Influencer or Instigator? Analyzing Online Content

Back in the 80s, if you wanted to get people riled up about their health, you had to buy a 30-minute infomercial slot at 3:00 AM or get a column in a tabloid sold next to the chewing gum at the grocery store. Today, all it takes is a ring light, a serious face, and a smartphone.

I’ll be the first to admit that the internet isn’t all bad. There are honest people out there sharing actual recipes, fixing sinks, or explaining how to change the oil in a lawnmower. But these days, those people are buried under a mountain of “wellness influencers” who have turned scaring you into a full-time career.

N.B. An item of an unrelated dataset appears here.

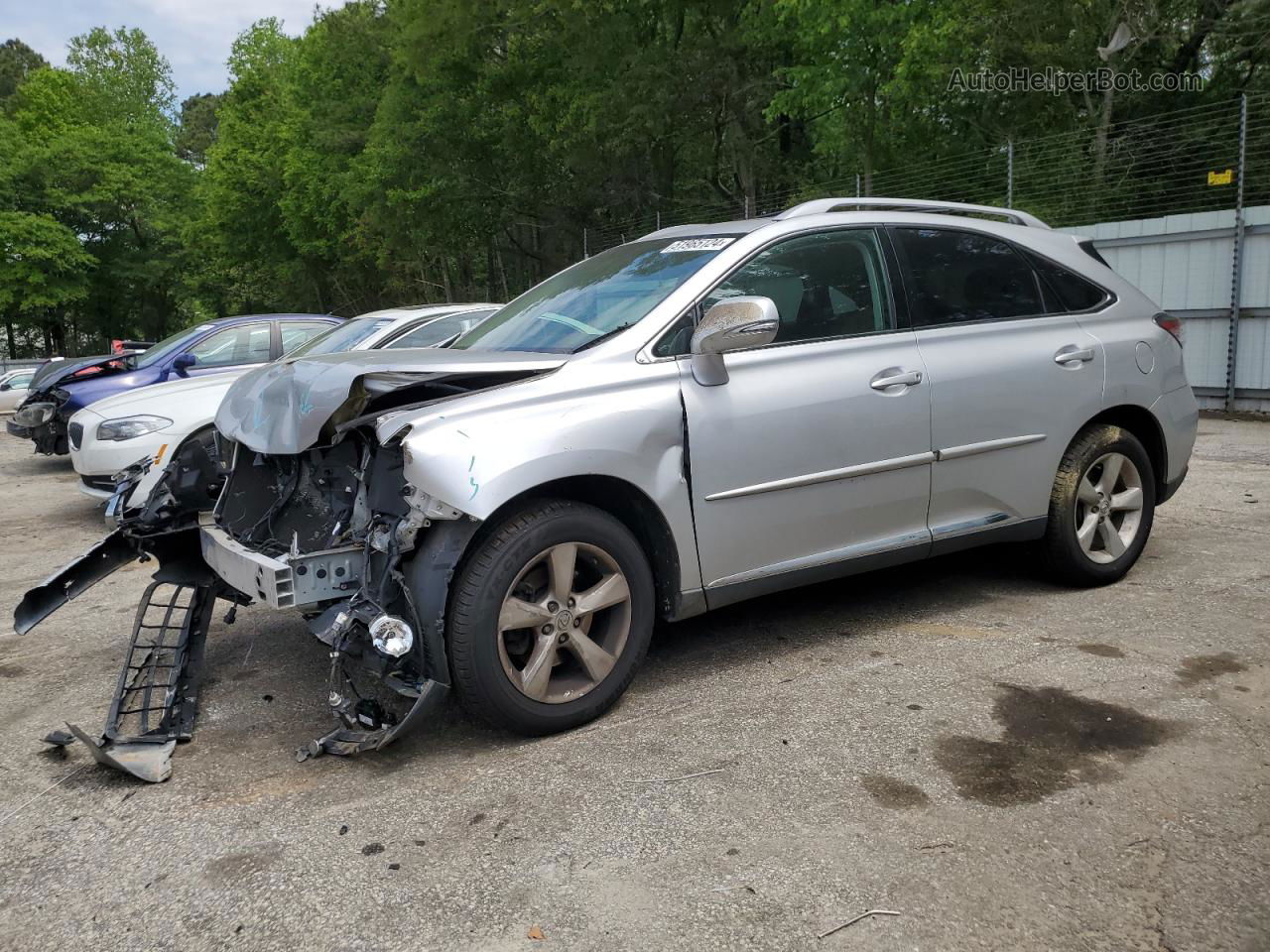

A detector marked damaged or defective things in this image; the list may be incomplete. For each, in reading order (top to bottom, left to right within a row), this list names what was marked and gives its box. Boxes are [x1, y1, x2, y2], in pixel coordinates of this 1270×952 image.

You’ve seen the videos. Some guy in a kitchen holding up a head of broccoli like it’s a live grenade, telling you the “hidden toxins” are destroying your gut. Or some woman claiming that the water you’ve been drinking for forty years is actually “dead” and you need her $300 alkalizing pitcher to revive it.

These people aren’t influencers. They’re instigators.

The formula is always the same. They take one tiny, microscopic grain of truth—maybe a study done on rats who were fed ten thousand times the normal amount of a substance—and they spin it into a “sky is falling” moment. They strip away all the context until the only thing left is fear. And wouldn’t you know it, the only cure for that fear is a convenient monthly subscription to their proprietary supplement blend.

It’s a grift, plain and simple.

If you want to tell the difference between a real expert and a grifter, look at their solution. An honest person usually tells you to do the boring stuff: eat some fiber, move your body, and get some sleep. A grifter tells you that everything you’re doing is dangerous and only they have the secret map to safety.

If someone’s “evidence” is a 15-second clip designed to make your heart rate spike, they aren’t trying to help you. They’re trying to sell you. Turn off the screen, go outside, and eat your vegetables. You’ll be fine.